====== INPUT DATA

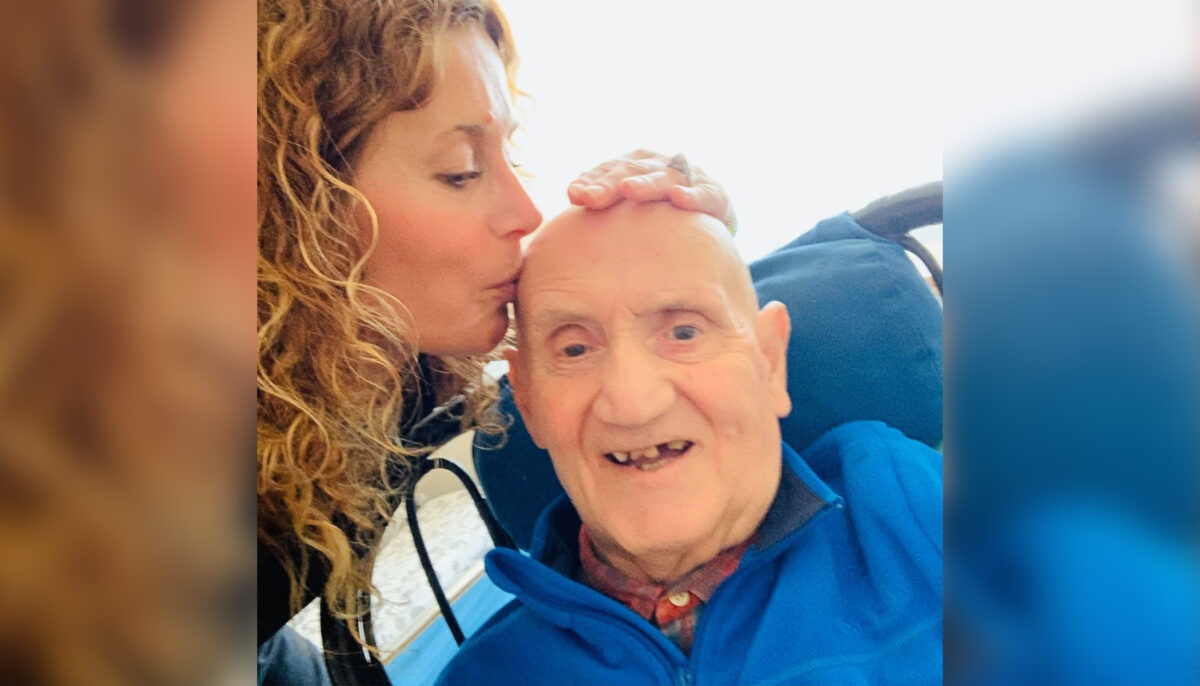 Après le décès de sa mère, une fille n&rsquo;a jamais été si proche de son père atteint de la maladie d&rsquo;Alzheimer
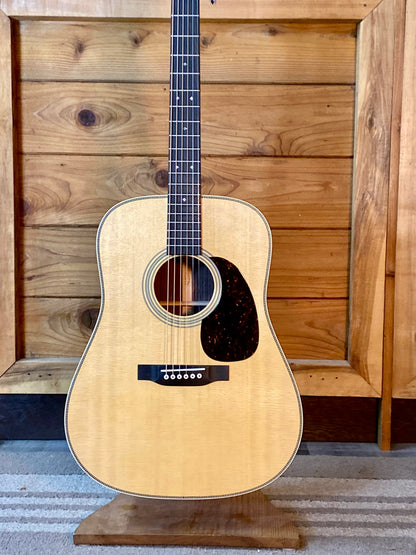 Martin HD28 Herringbone with Molded Hardshell Case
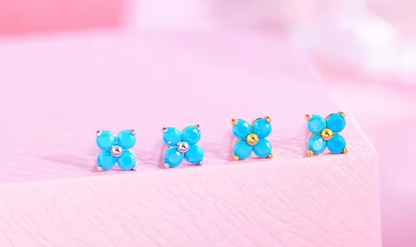 Stud de Mini Flores con Piedras Turquesa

============

*ABOUT THIS EXERCISE:* Repeat the material above exactly; any picture in it is left out.

*RESULT:*
 Après le décès de sa mère, une fille n&rsquo;a jamais été si proche de son père atteint de la maladie d&rsquo;Alzheimer
 Martin HD28 Herringbone with Molded Hardshell Case
 Stud de Mini Flores con Piedras Turquesa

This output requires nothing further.